ASSIGNMENT -> Copy nothing but the text: reproduce each line of the listing exactly and leave the pictures out.

EXERCISE DATA ->
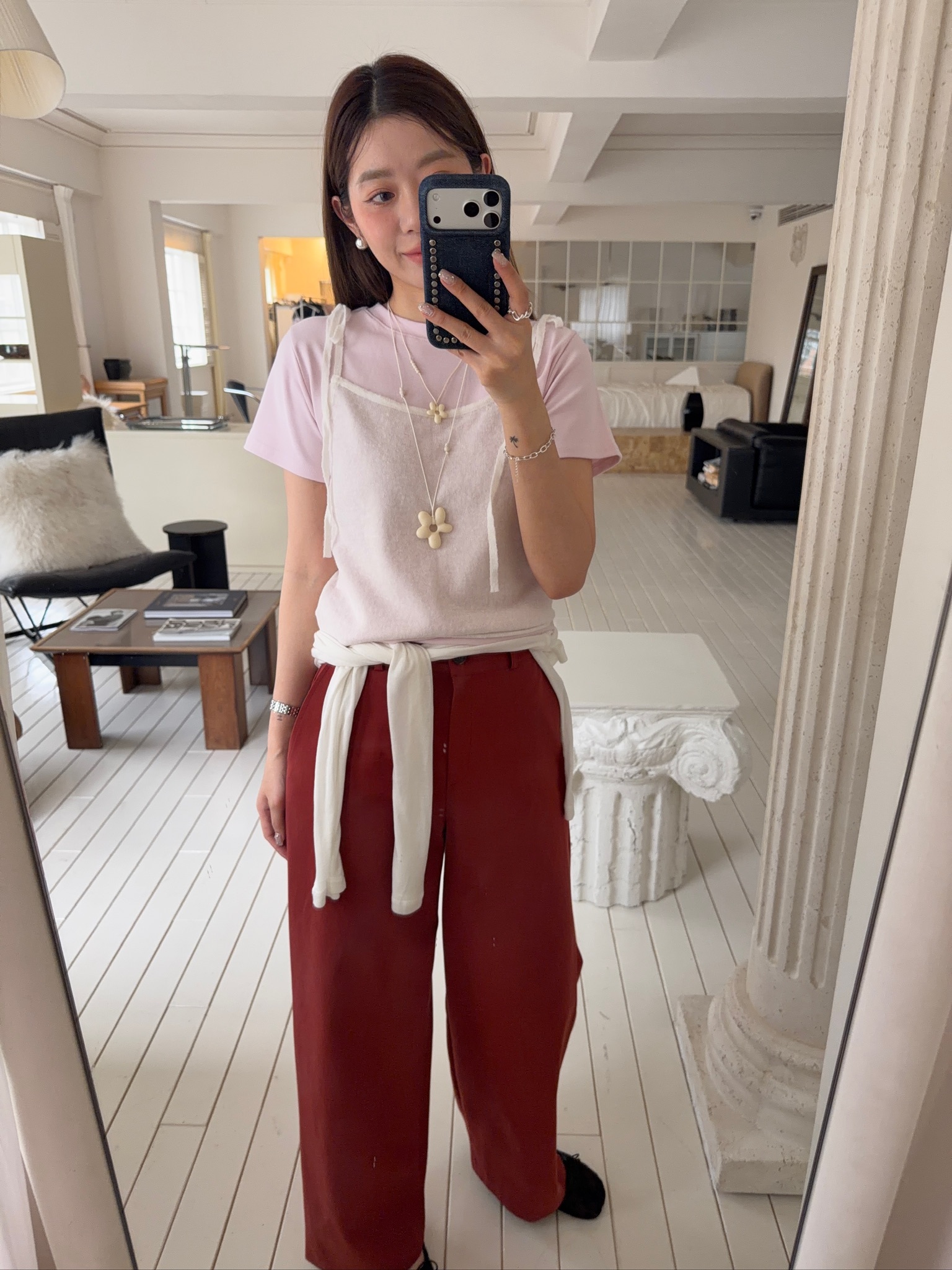 A81/細肩綁帶透膚針織背心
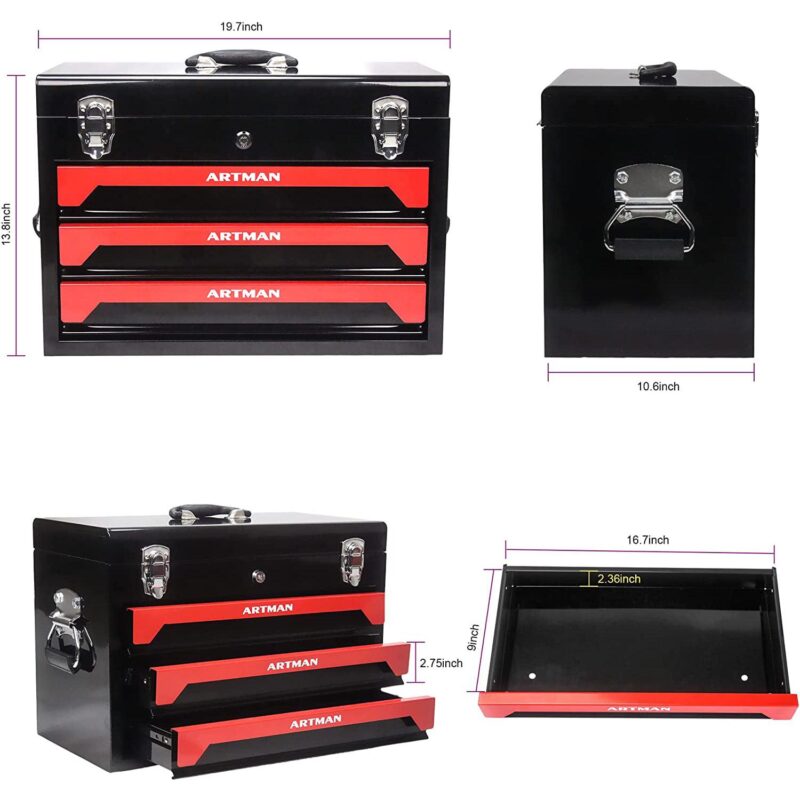 Miniyam Tool Set, 3-Drawer Heavy Duty Tool Kits Box with Handlefor Adults Mechanics Workshop Maintenance and Repair Projects, Black - Image 8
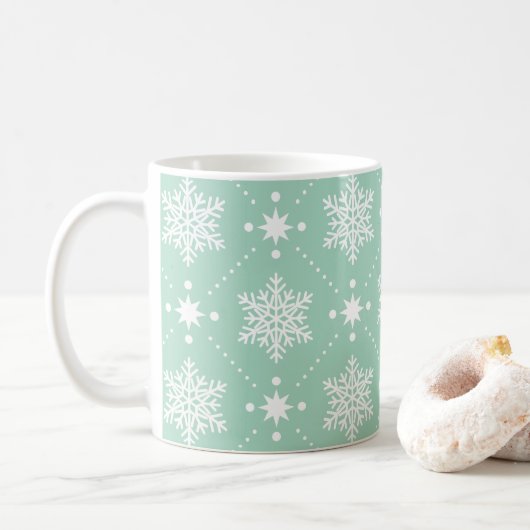Mint Green White Snowflakes kerspatroon Koffiemok (Met donut)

SOLUTION TO THIS PROBLEM ->
 A81/細肩綁帶透膚針織背心
 Miniyam Tool Set, 3-Drawer Heavy Duty Tool Kits Box with Handlefor Adults Mechanics Workshop Maintenance and Repair Projects, Black - Image 8
Mint Green White Snowflakes kerspatroon Koffiemok (Met donut)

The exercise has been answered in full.